• Instructions for the task:
Transcribe the data that follows in full. Leave out the pictures.

• Supplied information:
====
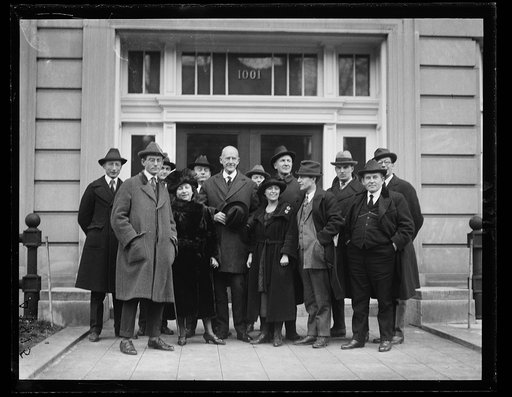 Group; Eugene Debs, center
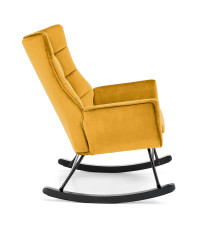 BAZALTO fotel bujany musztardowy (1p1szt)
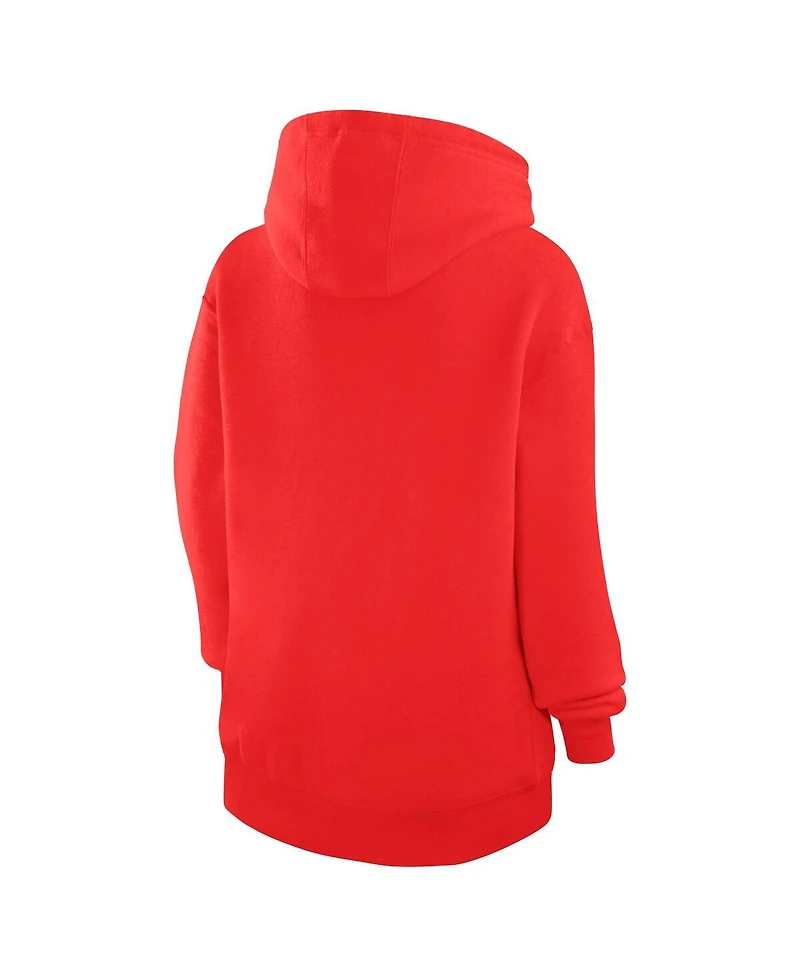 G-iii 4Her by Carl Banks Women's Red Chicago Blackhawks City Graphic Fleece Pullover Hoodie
====
• Completed exercise:
 Group; Eugene Debs, center
 BAZALTO fotel bujany musztardowy (1p1szt)
 G-iii 4Her by Carl Banks Women's Red Chicago Blackhawks City Graphic Fleece Pullover Hoodie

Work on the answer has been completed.